DATA PROVIDED →
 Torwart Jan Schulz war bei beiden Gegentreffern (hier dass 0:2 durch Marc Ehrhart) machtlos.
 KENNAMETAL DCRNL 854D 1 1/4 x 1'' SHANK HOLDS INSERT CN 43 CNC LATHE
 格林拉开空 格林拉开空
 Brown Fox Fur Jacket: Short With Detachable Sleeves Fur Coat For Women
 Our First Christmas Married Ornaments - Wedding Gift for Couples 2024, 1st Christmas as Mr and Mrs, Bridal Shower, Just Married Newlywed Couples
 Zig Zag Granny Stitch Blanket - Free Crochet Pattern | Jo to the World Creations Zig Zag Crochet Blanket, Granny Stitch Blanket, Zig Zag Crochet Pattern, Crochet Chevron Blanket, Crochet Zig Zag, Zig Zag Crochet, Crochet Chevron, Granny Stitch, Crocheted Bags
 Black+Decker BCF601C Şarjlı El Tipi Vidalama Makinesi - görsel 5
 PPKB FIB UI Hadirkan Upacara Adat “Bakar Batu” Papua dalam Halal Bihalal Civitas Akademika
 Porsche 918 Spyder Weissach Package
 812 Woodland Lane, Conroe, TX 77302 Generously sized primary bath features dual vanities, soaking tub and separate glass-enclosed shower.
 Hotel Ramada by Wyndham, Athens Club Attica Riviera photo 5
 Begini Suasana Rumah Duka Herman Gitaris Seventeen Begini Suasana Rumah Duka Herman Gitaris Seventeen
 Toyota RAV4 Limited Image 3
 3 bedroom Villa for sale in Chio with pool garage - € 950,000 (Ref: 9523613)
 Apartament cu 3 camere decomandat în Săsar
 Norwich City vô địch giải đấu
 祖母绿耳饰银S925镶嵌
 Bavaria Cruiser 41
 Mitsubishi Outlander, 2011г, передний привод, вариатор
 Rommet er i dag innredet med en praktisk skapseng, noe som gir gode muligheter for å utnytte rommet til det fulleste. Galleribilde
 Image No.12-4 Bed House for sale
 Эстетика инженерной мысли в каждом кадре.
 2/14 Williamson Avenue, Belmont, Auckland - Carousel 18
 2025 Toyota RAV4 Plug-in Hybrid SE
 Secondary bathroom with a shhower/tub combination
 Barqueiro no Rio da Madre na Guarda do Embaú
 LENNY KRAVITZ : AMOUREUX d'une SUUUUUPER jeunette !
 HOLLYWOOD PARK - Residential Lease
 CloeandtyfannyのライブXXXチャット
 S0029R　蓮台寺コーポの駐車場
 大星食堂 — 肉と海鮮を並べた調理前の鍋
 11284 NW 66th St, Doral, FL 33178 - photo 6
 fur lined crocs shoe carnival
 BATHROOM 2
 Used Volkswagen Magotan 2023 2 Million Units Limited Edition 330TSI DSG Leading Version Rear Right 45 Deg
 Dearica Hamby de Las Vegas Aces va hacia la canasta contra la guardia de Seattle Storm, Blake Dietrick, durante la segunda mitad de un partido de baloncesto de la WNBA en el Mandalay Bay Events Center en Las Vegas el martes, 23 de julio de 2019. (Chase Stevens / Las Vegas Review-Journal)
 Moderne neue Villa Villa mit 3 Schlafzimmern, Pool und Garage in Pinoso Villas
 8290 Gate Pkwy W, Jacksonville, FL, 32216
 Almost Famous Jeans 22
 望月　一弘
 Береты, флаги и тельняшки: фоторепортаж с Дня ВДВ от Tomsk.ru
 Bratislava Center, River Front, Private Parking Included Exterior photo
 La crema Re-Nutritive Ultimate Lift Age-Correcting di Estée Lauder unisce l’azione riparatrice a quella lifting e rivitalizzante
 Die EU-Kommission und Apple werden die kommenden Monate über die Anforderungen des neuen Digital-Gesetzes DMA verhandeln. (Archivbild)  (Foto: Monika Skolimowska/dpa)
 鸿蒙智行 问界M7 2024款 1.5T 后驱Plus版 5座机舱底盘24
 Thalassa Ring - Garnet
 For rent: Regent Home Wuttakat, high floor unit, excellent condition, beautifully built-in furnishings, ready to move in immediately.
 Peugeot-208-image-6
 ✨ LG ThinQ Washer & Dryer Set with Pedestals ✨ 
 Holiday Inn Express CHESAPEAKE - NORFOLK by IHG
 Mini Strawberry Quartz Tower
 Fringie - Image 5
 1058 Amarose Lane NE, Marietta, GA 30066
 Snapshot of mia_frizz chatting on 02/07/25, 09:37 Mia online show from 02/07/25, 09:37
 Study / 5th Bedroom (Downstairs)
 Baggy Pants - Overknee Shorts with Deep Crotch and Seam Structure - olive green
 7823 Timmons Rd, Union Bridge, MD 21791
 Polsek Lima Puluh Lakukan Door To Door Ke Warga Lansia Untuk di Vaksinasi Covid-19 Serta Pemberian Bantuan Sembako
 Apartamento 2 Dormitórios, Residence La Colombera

THE TASK →
Across the records, how many lines contain "Toyota"? Only the number should be given.

RESULT FOR THIS TASK →
2